Monday, June 29, 2015

The most (and least) surprising moments from NHL draft weekend

The NHL’s draft weekend is, in theory, a pretty straightforward affair. It’s the annual chance to divide up all the incoming young talent, with teams making their picks, posing for a few photos, and heading home.

In reality, draft weekend often ends up feeling like 90 percent of the league’s offseason crammed into a few days. The combination of having all 30 front offices in one city, incoming cap space, and free agency looming just days away builds up into a whirlwind of rumors, speculation, and (eventually) action.

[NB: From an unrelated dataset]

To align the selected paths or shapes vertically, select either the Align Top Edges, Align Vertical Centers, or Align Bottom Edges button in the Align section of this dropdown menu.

Some of it works out the way we expect. Some of it doesn’t. So let’s take a look back at this year’s just-concluded draft weekend in stifling Sunrise, Florida, by breaking down all the major moves based on just how surprising they were.

Connor McDavid going first overall: 0/100 — No surprise here; we’ve known that McDavid would be the first overall pick of the 2015 draft for the last three years. He’s the most heavily hyped prospect since Sidney Crosby, and his ridiculous numbers in junior this year — he had 120 points in just 47 games — just reaffirmed his status as the game’s Next Big Thing.

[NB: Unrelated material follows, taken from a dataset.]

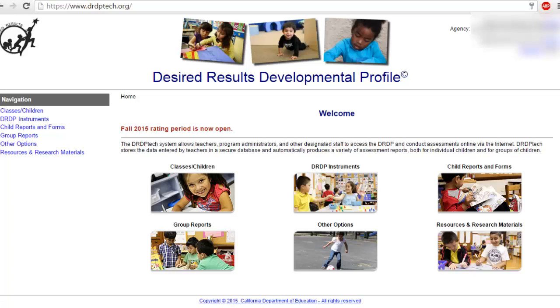In this Pinwheel tutorial, I will show you how to export your DRDP results from your agency so you can send those over to us so we can import those results into Pinwheel.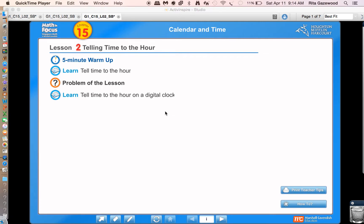Hi boys and girls! Before we begin our lesson today, I want you to make sure that you get out your paper clock. It is in your math folder of new materials that I sent home for you. It's really important — you need it. You're going to be using it during this lesson, so please make sure you have that out.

The question now is this: How big? And how quickly? McDavid goes to an Oilers franchise that hasn’t been good at anything other than winning draft lotteries in almost a decade. His arrival, and the front office overhaul the franchise underwent while anticipating it, should spell the end of the Oilers’ misery. The question is how quickly he can get them into the playoffs, and then into Cup contention.

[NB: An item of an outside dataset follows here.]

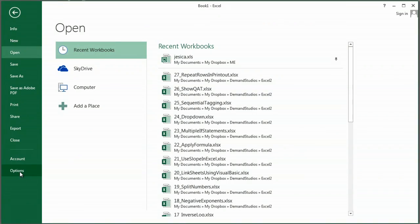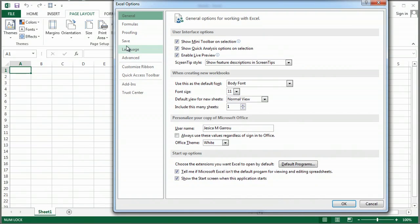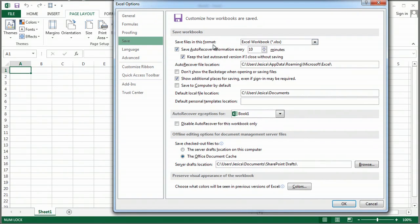go under File, Options, and then under Save, you'll see some settings here.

We have some history to look back on. Crosby had 102 points as a rookie in the high-scoring post-lockout 2005-06 season, but Pittsburgh didn’t return to the playoffs until the following year. The Penguins went to the Cup final the year after that, and then won it all in 2009. Alexander Ovechkin debuted the same year as Crosby, but the Caps didn’t make the playoffs until his third season, and they still haven’t been to a final. The Blackhawks debuted the double whammy of Jonathan Toews and Patrick Kane in 2007-08, missed the playoffs, and had won their first Stanley Cup by 2010.

So if you’re an Oilers fan, there’s your realistic window: one more tough season, playoff favorite status the year after that, and Stanley Cup contention soon after. It’s no sure thing, of course, but I’m guessing long-suffering Oilers fans will take it.

McDavid’s selection was the least surprising moment of the entire weekend. Well, except for this one …

This whole thing being a disaster: 0/100 — Let’s play a game called “How the hell did this happen?”

Scene: League headquarters.

NHL executive: “So, Connor McDavid has finally arrived in the NHL. How can we make the best possible first impression with this incredibly marketable new asset?”

Intern: “Hey, has anyone checked to see if the owner of the Oilers would want to awkwardly corner him on live television, then babble on about how wonderful his terrible organization is while blatantly reading off a cue card?”

NHL executive: “Great idea. Did anyone check it with Connor?”

Intern: “Sure did. He said he’d spend the entire segment visibly trying to swallow his own tongue.”

NHL executive: “Awesome, let’s do it!”